**Supplied data**

- Opening Delimiter -

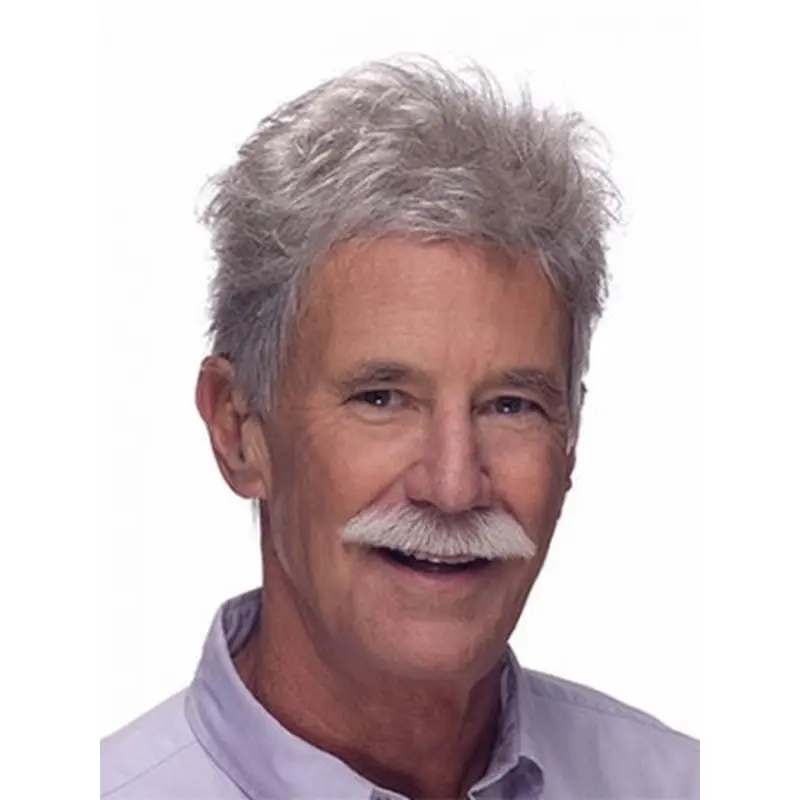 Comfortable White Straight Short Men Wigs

- Closing Delimiter -
- Opening Delimiter -

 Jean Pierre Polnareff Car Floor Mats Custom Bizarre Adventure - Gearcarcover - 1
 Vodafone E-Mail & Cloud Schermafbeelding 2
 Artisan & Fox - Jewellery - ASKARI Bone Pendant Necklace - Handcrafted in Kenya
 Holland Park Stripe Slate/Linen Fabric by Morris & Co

- Closing Delimiter -
- Opening Delimiter -

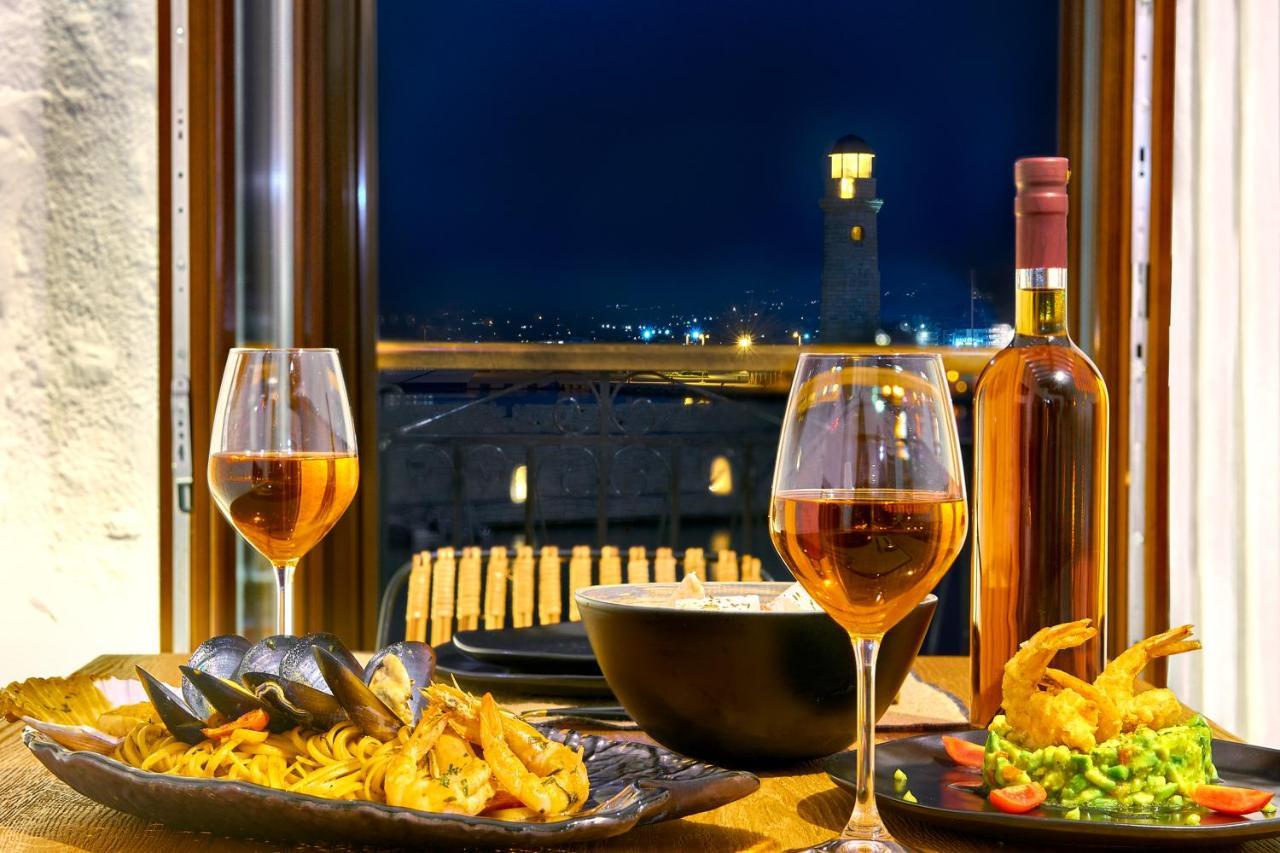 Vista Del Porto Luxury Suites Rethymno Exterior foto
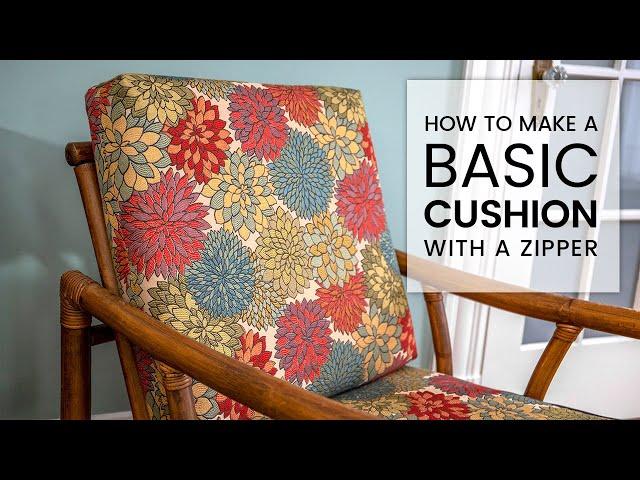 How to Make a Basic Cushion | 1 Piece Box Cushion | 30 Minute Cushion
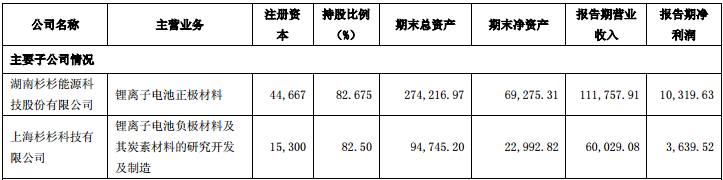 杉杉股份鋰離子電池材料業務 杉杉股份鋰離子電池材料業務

- Closing Delimiter -

**Work order**
Considering only the material above, set down every line from the one with "Artisan & Fox" to the one with "Holland Park Stripe", inclusive, exactly as written.

**Answer to this exercise**
 Artisan & Fox - Jewellery - ASKARI Bone Pendant Necklace - Handcrafted in Kenya
 Holland Park Stripe Slate/Linen Fabric by Morris & Co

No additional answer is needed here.